Pada malam hari setelah penerjunan peserta, Ihsan dan timnya mengitari wilayah mereka untuk berburu poin, ledakan yang ditimbulkan Ihsan tadi pagi membuat siang dan malam tidak ada bedanya, kegelapan menyelimuti para pejuang setelah ledakan yang menyilaukan itu, sebagian besar pasukan harus menyembuhkan tubuhnya terutama mata mereka yang terkena dampak paling banyak dari cahaya dan panas ledakan, kini pun situasi menjadi gelap gulita sehingga sebagian besar tim harus menggunakan penerangan tambahan hanya untuk menggunakan penglihatan mereka yang hampir sirna setelah ledakan tadi pagi.
“Tim kali ya, pantas sih nama mereka begitu, tiga orang gila itu memang pantas disandingkan dengan kejamnya waktu,” ucap Feri pada kedua rekannya.
“Tenang saja Feri, asalkan kita mencari aman dan tidak lengah kita akan mendapatkan cukup poin untuk melaju ke babak tanding tim,” ucap salah satu teman Feri.
“Pearl benar tentang hal itu, kalau kita selalu siaga, kita akan cukup kuat untuk memasuki final, tapi tetap waspada terhadap beberapa tim sih, tim sidhi dan tim ashurantaka adalah dua tim yang harus sangat kita waspadai, tahun lalu saja mereka sudah mencapai babak tanding,” ucap teman Feri satunya.
“Hmm itu benar sekali Noriko, kita memang perlu mencari aman dulu,” ucap Feri.
“Baiklah kita akan berkemah di sini, meski agak berbahaya aku yakin kita bisa bertahan,” ucap Noriko.

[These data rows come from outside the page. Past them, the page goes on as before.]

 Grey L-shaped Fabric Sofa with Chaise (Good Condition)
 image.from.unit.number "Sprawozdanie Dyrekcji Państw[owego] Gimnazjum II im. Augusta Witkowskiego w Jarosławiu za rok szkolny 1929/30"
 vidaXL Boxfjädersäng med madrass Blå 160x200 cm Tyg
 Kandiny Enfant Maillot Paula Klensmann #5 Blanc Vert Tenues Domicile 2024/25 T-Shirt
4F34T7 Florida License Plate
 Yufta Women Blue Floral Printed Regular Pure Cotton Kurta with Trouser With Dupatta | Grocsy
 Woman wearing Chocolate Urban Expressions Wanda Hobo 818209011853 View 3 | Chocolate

“Di sini berbahaya, aku bisa kirim kalian ke tempat perkemahan hari ini, besok pagi kalian bisa mengulang lagi kok,” ucap seseorang dari atas batu.

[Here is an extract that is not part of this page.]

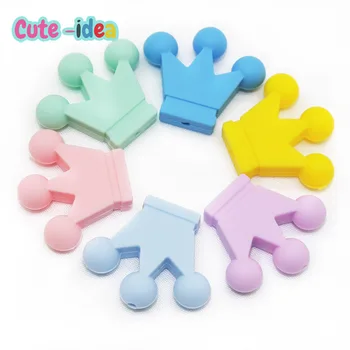 Cute-Ideja 10PCs Silikonski Krono Kroglice Baby Začetnih Žvečljive Teether DIY Baby Cucla Verige žvečiti Igrače Oprema Otroška Izdelki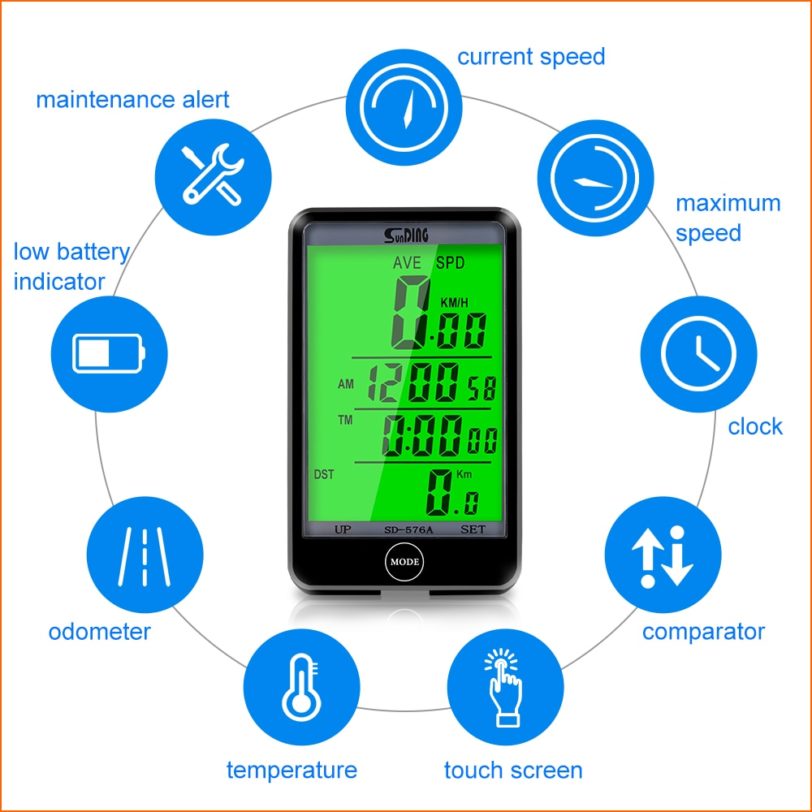 Sunding Bike Wired Computer Speedometer Odometer Cycling Bicycle Waterproof Measurable Temperature Clock Sports Accessories 576A - Image 3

“Wanita itu!? Bukannya dia, Prajnaparamita Shafa,” ucap Pearl sedikit takjub dengan kecantikan Shafa meski hanya dari terangnya nyala matanya.
“Kurasa kita memang harus mengulang lagi dari awal esok hari, kenapa kau mengincar kami, kau ada dendam padaku kah,” ucap Feri dengan penuh ketakutan.
“Bukan kok, Ihsan bilang kalau ada orang dengan poin sepuluh ke atas kita curi poinnya dan poin kalian ada sebelas, lumayan buat tambahan poin kami,” ucap Shafa sembari membentuk mudra api dan membuat api hitam yang tak terlihat malam itu lalu menembakkannya ke tim yang malang itu dan mengirimkan mereka kembali ke lokasi awal mereka sekaligus memindahkan poin mereka kepada tim kali.
“Dengan ini poin tim kali adalah seratus delapan, semoga mereka mau kembali bertempur lagi besok agar bisa jadi sumber poin mudah,” gumam Shafa.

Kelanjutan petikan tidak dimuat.